INFORMATION SUPPLIED Block Start

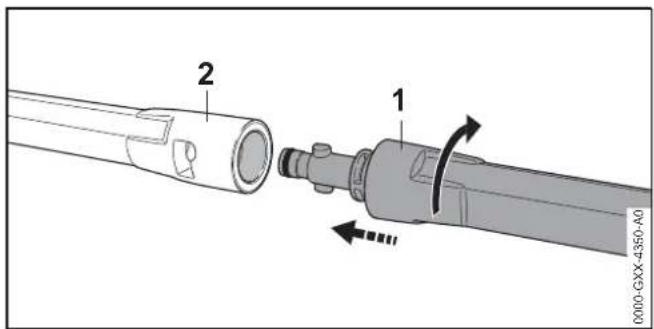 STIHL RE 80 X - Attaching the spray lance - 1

INFORMATION SUPPLIED Block End
INFORMATION SUPPLIED Block Start

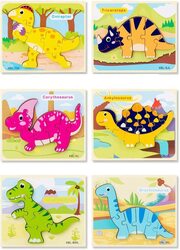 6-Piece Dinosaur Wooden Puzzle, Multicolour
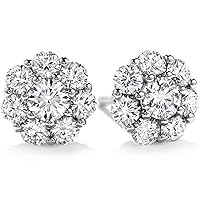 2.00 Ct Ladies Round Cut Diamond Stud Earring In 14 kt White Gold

INFORMATION SUPPLIED Block End
INFORMATION SUPPLIED Block Start

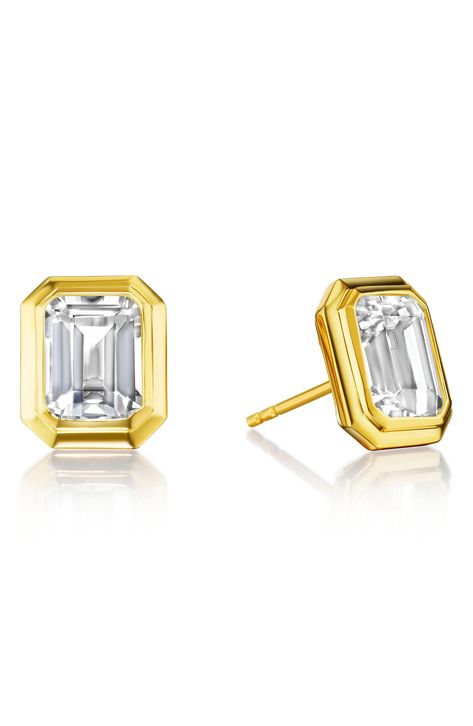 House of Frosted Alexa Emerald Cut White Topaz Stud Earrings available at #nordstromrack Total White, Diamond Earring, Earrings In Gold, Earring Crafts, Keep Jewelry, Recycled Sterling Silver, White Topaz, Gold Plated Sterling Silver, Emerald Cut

INFORMATION SUPPLIED Block End

**ABOUT THIS EXERCISE:**
Write down exactly what the lines above say, from the line holding "6-Piece Dinosaur Wooden Puzzle, Multicolour" through the line holding "2.00 Ct Ladies", and nothing more. Do not copy the pictures.

**ANSWER AREA:**
 6-Piece Dinosaur Wooden Puzzle, Multicolour
 2.00 Ct Ladies Round Cut Diamond Stud Earring In 14 kt White Gold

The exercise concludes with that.